For the Cheesecake Filling:
- 16 oz cream cheese (softened): The creamy heart of the pie.
- 1 cup powdered sugar: Sweetens the filling to perfection.
- 1 tsp vanilla extract: Adds warmth and depth.
- 1 cup heavy whipping cream (whipped): Makes the filling light and luscious.
For Garnish:
- Whipped cream: A fluffy dollop on each slice.
- Crushed Oreo cookies: For a chocolatey crunch.
- Optional: Chocolate sauce or fudge drizzle for extra indulgence.
Supplies Needed
- 9-inch pie pan
- Mixing bowls
- Food processor or rolling pin
- Hand or stand mixer
- Spatula
Instructions
Prepare Your Workspace:
Set out your ingredients and grease your pie pan lightly.
- Make the Crust:
In a mixing bowl, combine the crushed Oreos and melted butter. Press the mixture evenly into the bottom and up the sides of the pie pan. Chill in the fridge for 30 minutes to set. - Whip the Cream:
In a large bowl, use a hand or stand mixer to whip the heavy cream until stiff peaks form. Set aside. - Prepare the Cheesecake Filling:
In another bowl, beat the cream cheese, powdered sugar, and vanilla extract until smooth and creamy. Gently fold in the whipped cream to create a light, airy filling. - Assemble the Pie:
Pour the cheesecake filling into the chilled crust and spread it evenly with a spatula. Smooth the top for a polished look. - Chill to Set:
Refrigerate the pie for at least 4 hours, or until firm. - Decorate and Serve:
Top with whipped cream, crushed Oreo cookies, and an optional drizzle of chocolate sauce. Slice and serve!
Storage Tips
- Refrigeration: Store in the fridge for up to 3 days, covered with plastic wrap.

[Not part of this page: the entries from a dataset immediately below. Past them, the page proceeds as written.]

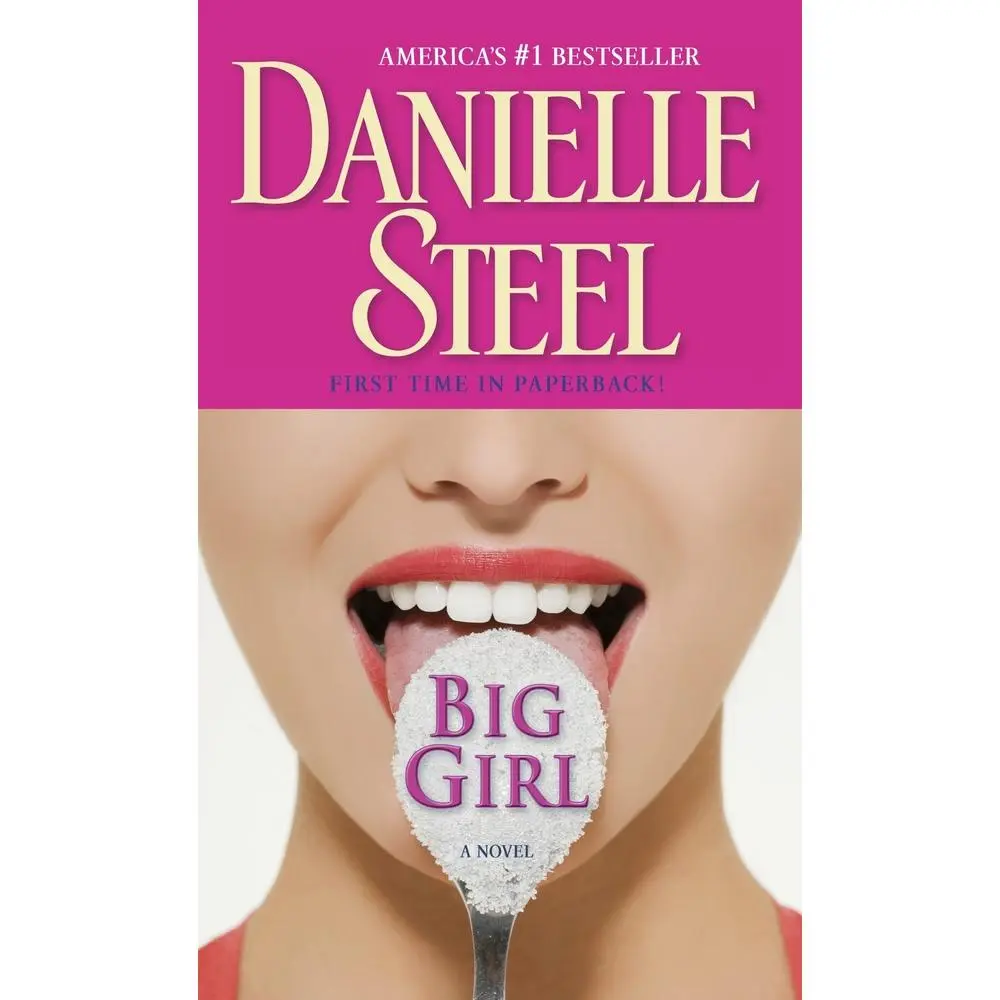 USED-Big Girl by Steel, Danielle (Mass Market Paperback)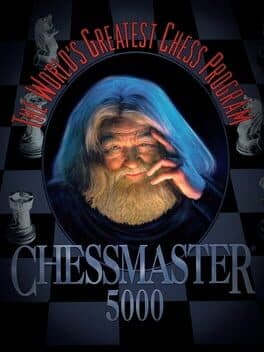 Portada de Chessmaster 5000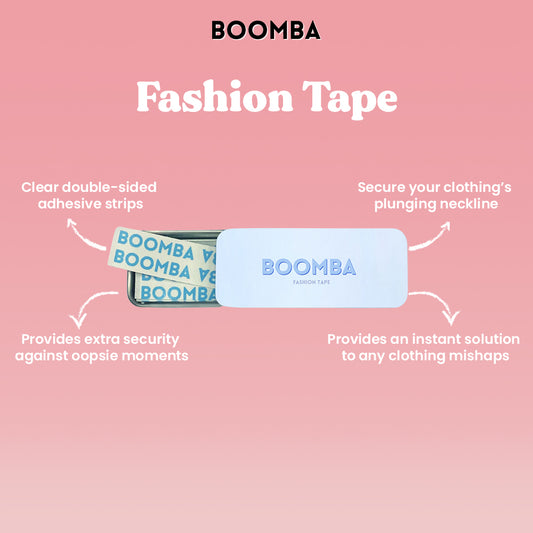 Shop Boomba Magic Strips | Fierce Angels Fashion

- Freezing: Freeze the pie (without garnishes) for up to 1 month. Thaw in the fridge and garnish before serving.
Recipe Tips & Tricks
- Tip 1: Add a layer of melted chocolate on the crust before adding the filling for extra decadence.
- Tip 2: Use golden Oreos for a fun twist.
- Tip 3: For individual servings, make this recipe in small Mason jars instead of a pie pan.
Variations
- Mint Oreo Cheesecake Pie: Add a drop of peppermint extract to the filling and use Mint Oreos for the crust.
- Peanut Butter Cheesecake Pie: Swirl ½ cup of creamy peanut butter into the filling.
- Berry Cheesecake Pie: Top the pie with fresh berries and a drizzle of berry sauce for a fruity twist.
FAQ
Q: Can I use a store-bought crust?
Absolutely! A pre-made Oreo crust works perfectly for this recipe.
Q: Can I make this pie ahead of time?
Yes, this pie can be made a day in advance and kept chilled until ready to serve.
Q: Can I use another type of cookie for the crust?
Sure thing! Graham crackers, chocolate chip cookies, or even gingersnaps make great alternatives.
Final Thoughts
This Oreo Crust Cheesecake Pie is a dessert dream come true—simple, rich, and so darn good. Whether you’re serving it for the holidays, a birthday, or just because, it’s guaranteed to be the star of the dessert table. So grab your Oreos, darlin’, and let’s whip up some sweet magic!